[Requirement]
Print only the lines below from the one with "Kärcher AD 4" to the one with "Building Photo - 90 Fairfax Ave", both included, exactly as they stand. Leave pictures out.

[Data for review]
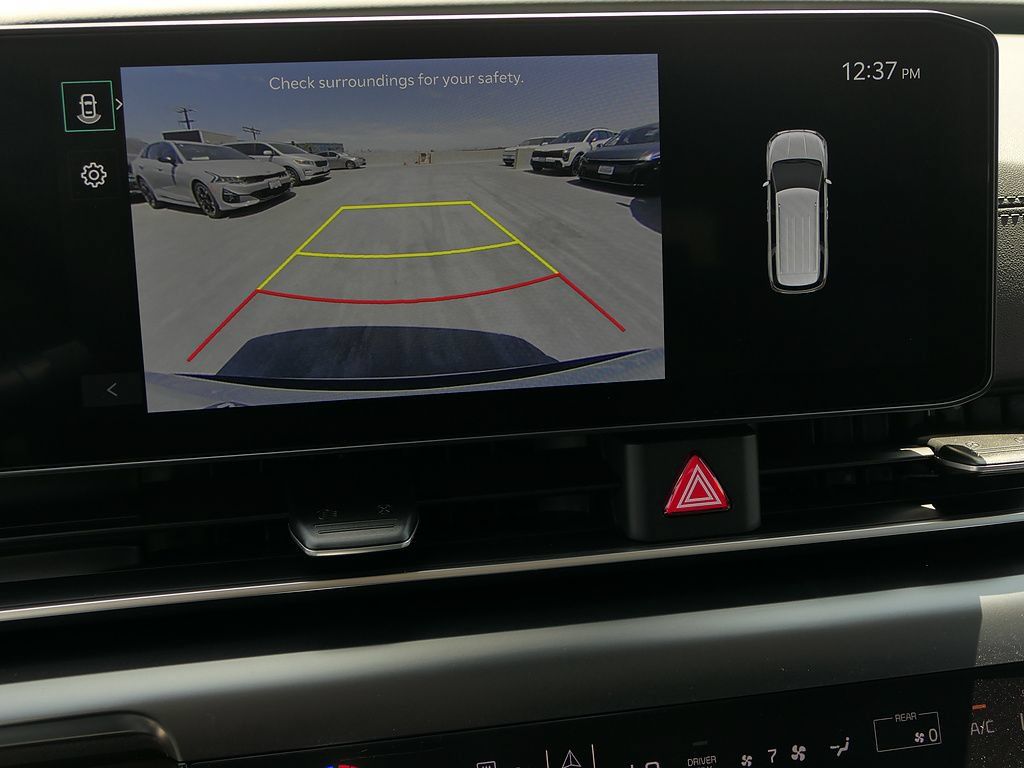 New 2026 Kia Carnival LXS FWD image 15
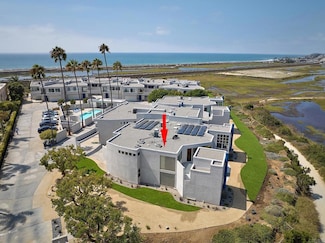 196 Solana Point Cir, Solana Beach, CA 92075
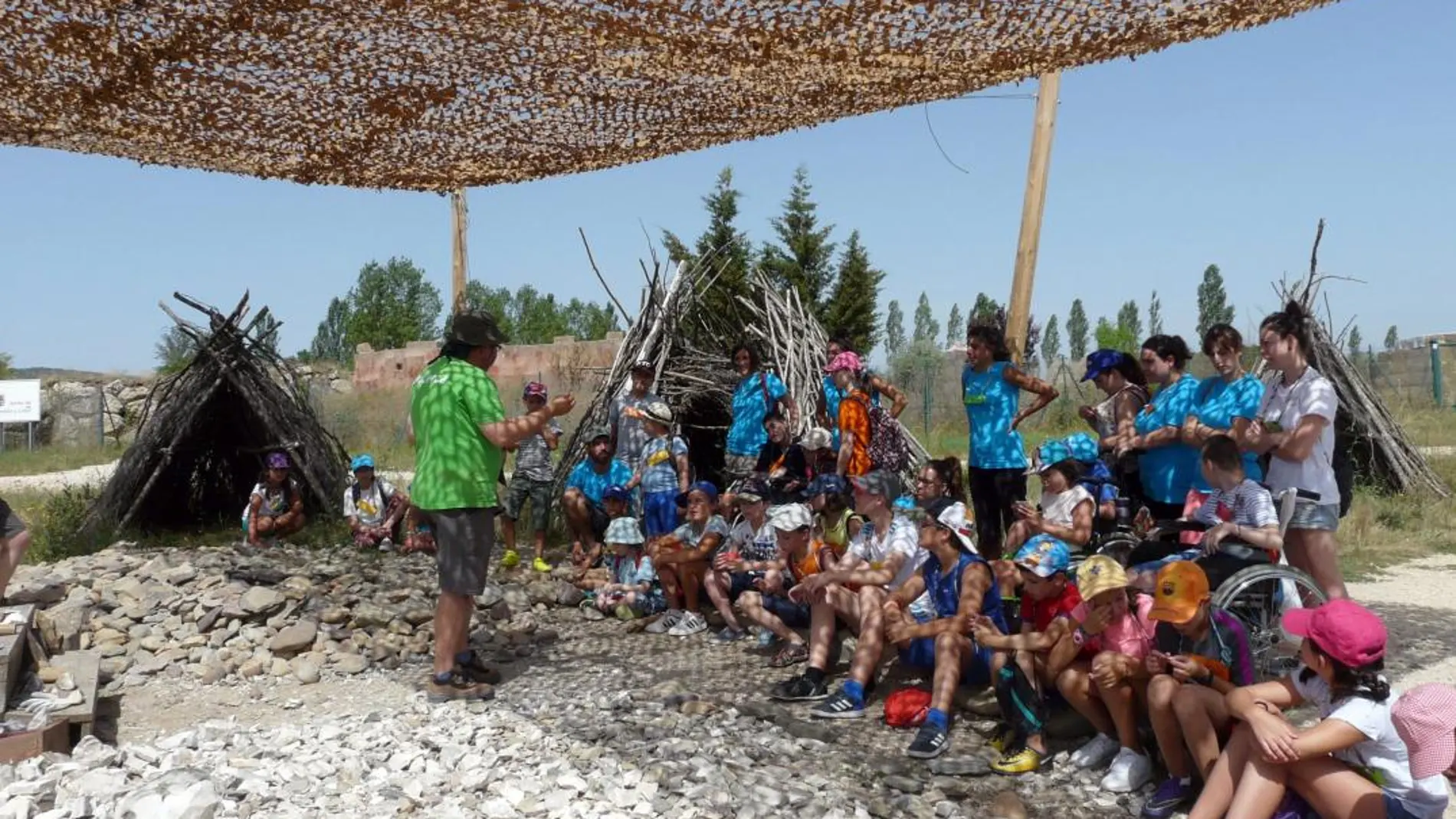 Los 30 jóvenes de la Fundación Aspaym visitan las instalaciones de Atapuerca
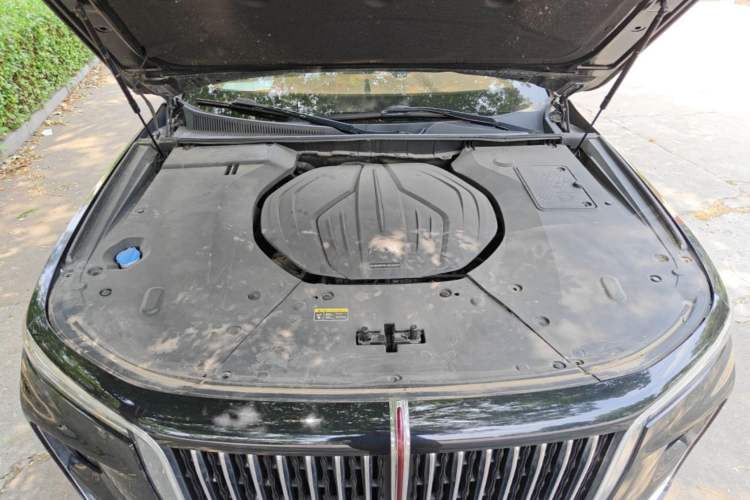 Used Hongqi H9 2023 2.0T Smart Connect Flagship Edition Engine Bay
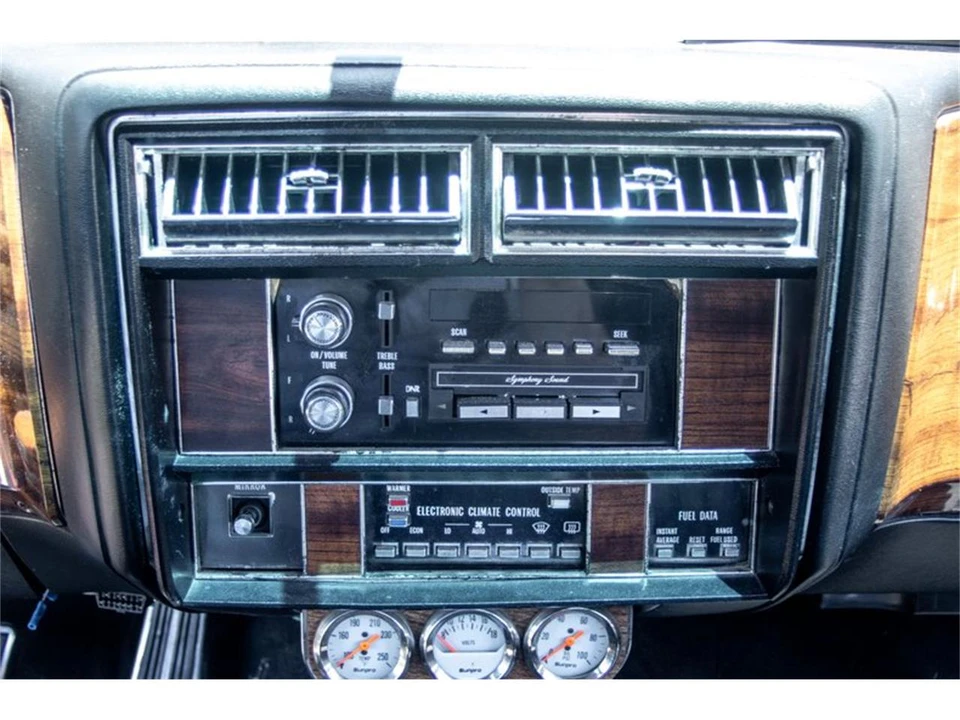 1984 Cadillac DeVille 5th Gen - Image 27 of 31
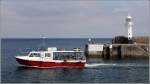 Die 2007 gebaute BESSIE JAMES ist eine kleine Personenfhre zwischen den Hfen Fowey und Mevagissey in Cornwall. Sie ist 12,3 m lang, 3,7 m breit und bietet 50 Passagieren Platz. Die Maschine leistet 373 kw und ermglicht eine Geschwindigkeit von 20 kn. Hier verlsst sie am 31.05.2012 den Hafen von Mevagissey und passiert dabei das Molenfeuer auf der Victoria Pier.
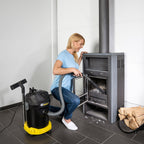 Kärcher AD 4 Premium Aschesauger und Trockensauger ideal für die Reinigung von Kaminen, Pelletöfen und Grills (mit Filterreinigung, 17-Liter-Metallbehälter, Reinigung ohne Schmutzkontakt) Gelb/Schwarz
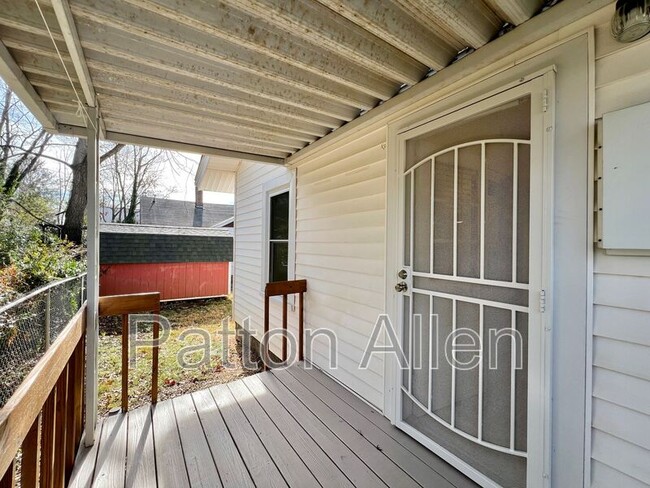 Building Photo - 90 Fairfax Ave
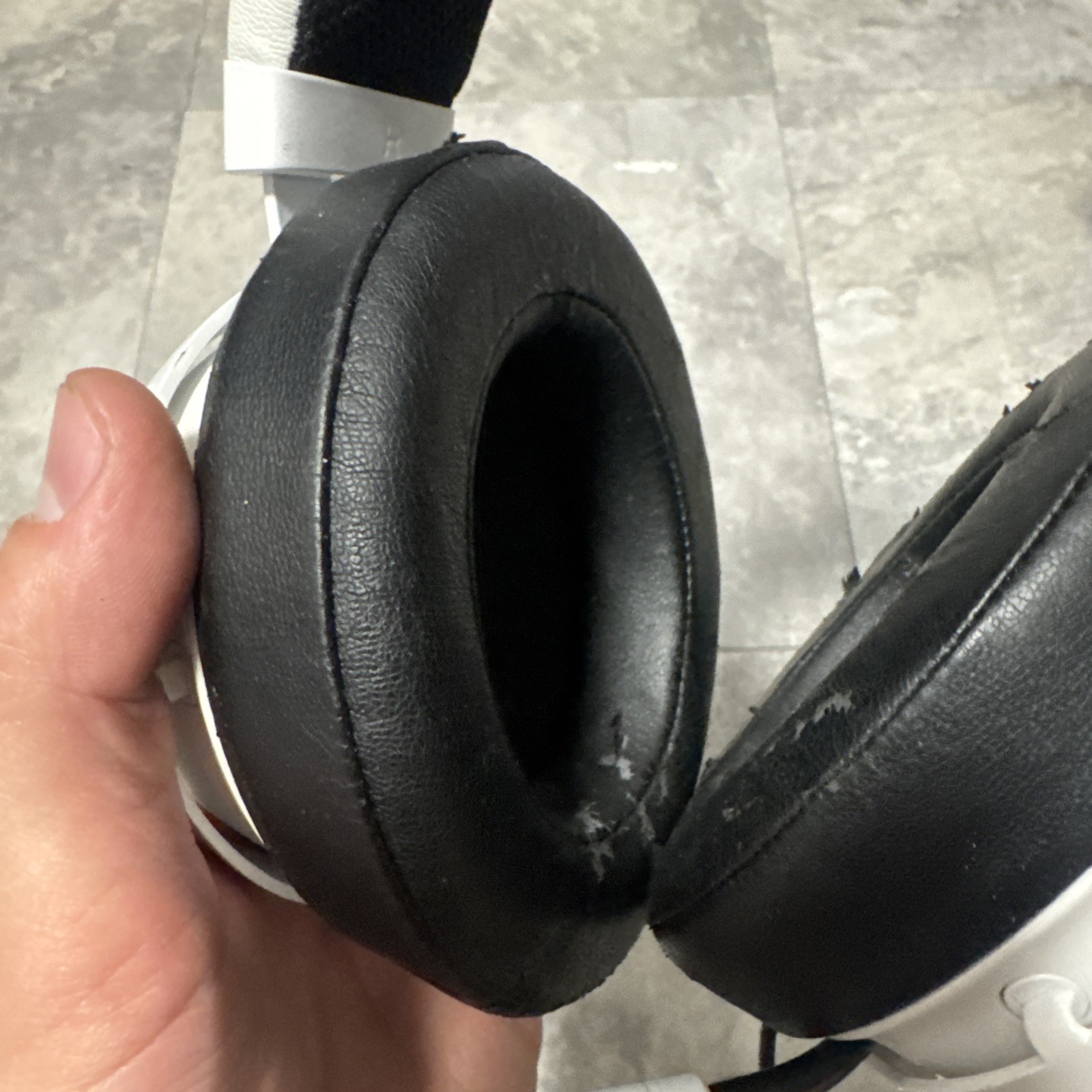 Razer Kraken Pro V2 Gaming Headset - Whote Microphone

[Answer below]
 Kärcher AD 4 Premium Aschesauger und Trockensauger ideal für die Reinigung von Kaminen, Pelletöfen und Grills (mit Filterreinigung, 17-Liter-Metallbehälter, Reinigung ohne Schmutzkontakt) Gelb/Schwarz
 Building Photo - 90 Fairfax Ave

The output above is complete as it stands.